Novelist Margaret Atwood blames Charles Dickens for contributing to our current economic crisis, said Tom Gatti in the London Times. In her well-timed new nonfiction book, Atwood takes the long view on debtor culture and concludes that it was Dickens’ Ebenezer Scrooge who buried the belief that debt is sinful. Scrooge, she says, is “an extreme version of ‘living within your means.’” His thriftiness is presented as downright shameful; profligate spending redeems him. From that concept, she says, it was only a short road to today’s mammoth credit card debts and overleveraged investment banks.
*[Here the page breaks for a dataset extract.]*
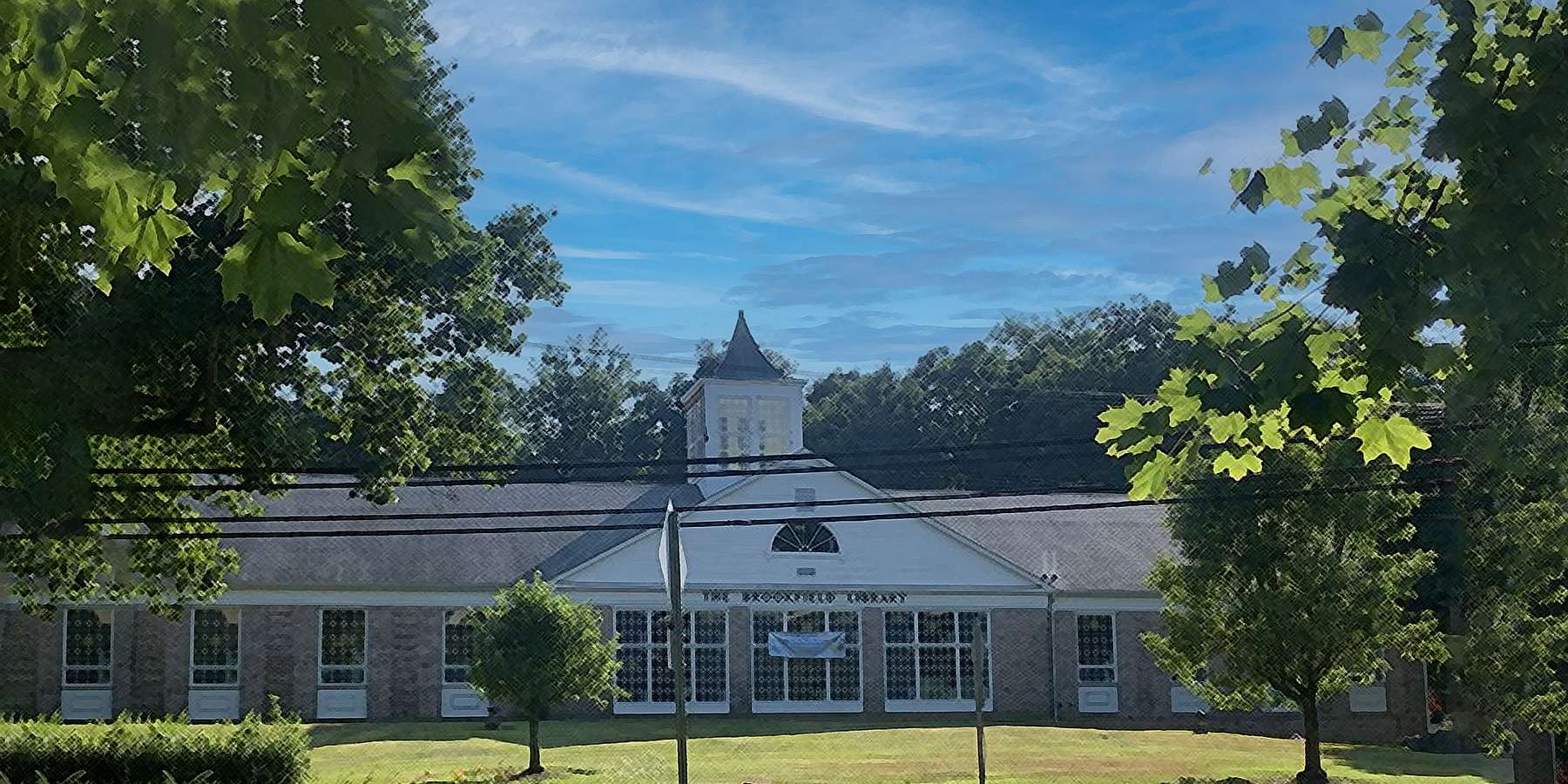 Photo of a library in Brookfield, Connecticut Photo of a library in Brookfield, Connecticut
Payback is a “fascinating, freewheeling examination” of how ideas about debt have figured in history and culture. As for the future, Atwood is hopeful that attitudes about thrift and debt are about to reverse. But she’s worried that the shifts may come too late. Not all debts, she says, concern money. “The whole theology of Christianity rests on the notion of spiritual debts and what must be done to repay them.” People used to comment upon a man’s death that “he has repaid his debt to nature,” she says. “It means you’ve borrowed something—the physical part of yourself made up of natural elements—and you’re paying it back by dissolving into nature.” Surely, she says, we’ve extended that line of credit about as far as it can go: “You can’t keep taking and taking and taking.”